Hi everyone,
this is a really nice discussion. Together with the recent blog post, there is not much I can contribute, but I made a couple of observations that I would like to add anyway. I used the transcript in Alan Joyce's post above, so I will assume that we have his variable textRaw and then use exactly the same functions taken (stolen?) from his fantastic post:
debateBySpeaker =
StringJoin /@
GroupBy[StringSplit[#, ": ", 2] & /@
StringTrim /@
StringSplit[
StringDelete[
StringReplace[
StringReplace[
StringDelete[textRaw,
"\n" | "(APPLAUSE)" | "(LAUGHTER)" | "(CROSSTALK)" |
"(COMMERCIAL BREAK)" | ("UNKNOWN") | "know" | "going" |
"think" | "people" | "say" | "said" | "country" |
"want" | "need"], "..." -> " "],
name : RegularExpression["[A-Z ]+:"] :> "\n" <> name],
RegularExpression["\[[a-z ]+\]"]], "\n"], First][[All, All,
2]];
candidates = {"TRUMP", "BUSH", "WALKER", "RUBIO", "CHRISTIE",
"CARSON", "PAUL", "CRUZ", "HUCKABEE", "KASICH", "FIORINA"};
Sentiments appear to be crucial in these debates and recent functionality of the Wolfram Language is really useful in this context. For a recent analysis I did on the sentiments in about 10000 books (which I can post if there is any interest), I developed a little function that uses the Wolfram Language's sentiment analysis feature. The Classify function also gives probabilities which I use as weights to get better estimates. Here is the call for Mr. Trumps contribution:
sentimentlistTrump = -"Negative" + "Positive" /. ((Classify["Sentiment", #, "Probabilities"] & /@ #) & @ TextSentences@Part[debateBySpeaker[#] & /@ candidates, 1]);
It turns out that a little bit of averaging is in order. In books I use more sentences but the candidates' contributions are rather short so I will use a window of ten sentences.

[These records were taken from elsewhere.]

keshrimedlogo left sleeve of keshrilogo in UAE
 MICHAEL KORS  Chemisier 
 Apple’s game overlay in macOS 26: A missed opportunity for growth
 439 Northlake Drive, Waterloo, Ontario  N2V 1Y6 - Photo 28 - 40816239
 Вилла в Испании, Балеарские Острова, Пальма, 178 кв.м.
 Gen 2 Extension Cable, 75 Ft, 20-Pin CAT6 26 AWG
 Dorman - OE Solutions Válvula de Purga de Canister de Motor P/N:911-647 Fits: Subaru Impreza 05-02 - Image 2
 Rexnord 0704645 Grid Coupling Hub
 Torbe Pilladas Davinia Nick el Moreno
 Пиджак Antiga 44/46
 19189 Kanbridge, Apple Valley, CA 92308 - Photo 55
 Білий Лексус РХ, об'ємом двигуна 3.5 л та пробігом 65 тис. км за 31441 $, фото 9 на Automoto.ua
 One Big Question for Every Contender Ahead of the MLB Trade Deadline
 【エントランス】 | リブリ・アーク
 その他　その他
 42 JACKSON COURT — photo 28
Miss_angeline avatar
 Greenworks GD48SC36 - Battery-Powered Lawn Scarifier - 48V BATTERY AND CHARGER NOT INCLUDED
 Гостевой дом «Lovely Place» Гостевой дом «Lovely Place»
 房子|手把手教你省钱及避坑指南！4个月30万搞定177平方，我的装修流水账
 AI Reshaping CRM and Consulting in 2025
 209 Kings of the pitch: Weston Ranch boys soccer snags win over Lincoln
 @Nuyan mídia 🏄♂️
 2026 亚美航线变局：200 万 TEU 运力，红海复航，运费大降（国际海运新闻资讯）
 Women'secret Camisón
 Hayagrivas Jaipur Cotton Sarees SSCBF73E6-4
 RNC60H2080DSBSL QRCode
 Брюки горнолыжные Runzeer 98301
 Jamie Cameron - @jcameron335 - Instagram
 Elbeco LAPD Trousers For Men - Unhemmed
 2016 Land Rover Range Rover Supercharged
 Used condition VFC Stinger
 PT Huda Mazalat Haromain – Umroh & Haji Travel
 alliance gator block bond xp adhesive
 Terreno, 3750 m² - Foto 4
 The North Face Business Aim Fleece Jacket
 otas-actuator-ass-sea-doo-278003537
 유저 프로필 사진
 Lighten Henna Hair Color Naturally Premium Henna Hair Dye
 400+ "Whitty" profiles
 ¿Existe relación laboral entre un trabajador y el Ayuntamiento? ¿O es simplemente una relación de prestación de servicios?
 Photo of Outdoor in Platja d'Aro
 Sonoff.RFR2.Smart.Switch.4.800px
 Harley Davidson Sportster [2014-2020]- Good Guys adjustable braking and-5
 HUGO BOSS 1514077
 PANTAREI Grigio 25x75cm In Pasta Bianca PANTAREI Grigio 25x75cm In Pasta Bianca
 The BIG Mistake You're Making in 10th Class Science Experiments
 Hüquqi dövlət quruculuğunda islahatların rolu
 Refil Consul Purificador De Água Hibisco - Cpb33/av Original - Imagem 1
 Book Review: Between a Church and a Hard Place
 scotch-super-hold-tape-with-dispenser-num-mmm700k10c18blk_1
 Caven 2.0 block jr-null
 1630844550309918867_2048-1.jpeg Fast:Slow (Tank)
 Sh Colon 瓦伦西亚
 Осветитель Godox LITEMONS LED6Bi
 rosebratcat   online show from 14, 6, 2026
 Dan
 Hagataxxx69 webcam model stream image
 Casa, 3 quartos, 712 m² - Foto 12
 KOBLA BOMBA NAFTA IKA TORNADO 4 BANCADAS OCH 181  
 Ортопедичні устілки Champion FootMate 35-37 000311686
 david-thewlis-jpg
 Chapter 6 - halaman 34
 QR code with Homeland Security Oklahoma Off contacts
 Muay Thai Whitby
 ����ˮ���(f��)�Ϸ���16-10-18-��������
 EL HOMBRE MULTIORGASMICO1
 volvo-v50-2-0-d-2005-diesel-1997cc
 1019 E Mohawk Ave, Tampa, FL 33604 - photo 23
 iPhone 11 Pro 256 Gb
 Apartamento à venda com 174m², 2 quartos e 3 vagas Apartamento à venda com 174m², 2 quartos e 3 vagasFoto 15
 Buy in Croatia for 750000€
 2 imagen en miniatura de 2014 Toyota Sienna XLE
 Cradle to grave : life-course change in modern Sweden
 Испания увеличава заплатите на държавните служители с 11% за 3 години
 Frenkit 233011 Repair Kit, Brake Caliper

MovingAverage[sentimentlistTrump, 10] // ListLinePlot
Calculating the sentiment lists for all candidates is straight forward now:
sentimentlist = Table[-"Negative" + "Positive" /. ((Classify["Sentiment", #, "Probabilities"] & /@ #) & @ TextSentences@Part[debateBySpeaker[#] & /@ candidates, k]), {k, 1, Length[candidates]}];
The number of sentences spoken depends very much on the candidate. Therefore, I "normalise" all contributions to length 1, or 100%. That looks like this:
ArrayReshape[
ListLinePlot[
Transpose@{Range[Length[#[[2]]]]/Length[#[[2]]], #[[2]]},
PlotLabel -> #[[1]], Filling -> Axis, ImageSize -> Medium,
Epilog -> {Red,
Line[{{0, Mean[#[[2]]]}, {1, Mean[#[[2]]]}}]}] & /@
Transpose@{candidates, sentimentlist}, {6, 2}] // TableForm
The red line shows the "average sentiment"; it is interesting that it is negative for all but two candidates. Also, everybody starts on a positive note and many end positively. This calls for a little further analysis. I first generate a list of the lengths of all sentences spoken by each candidate. I will use this to plot a histogram of sentence lengths.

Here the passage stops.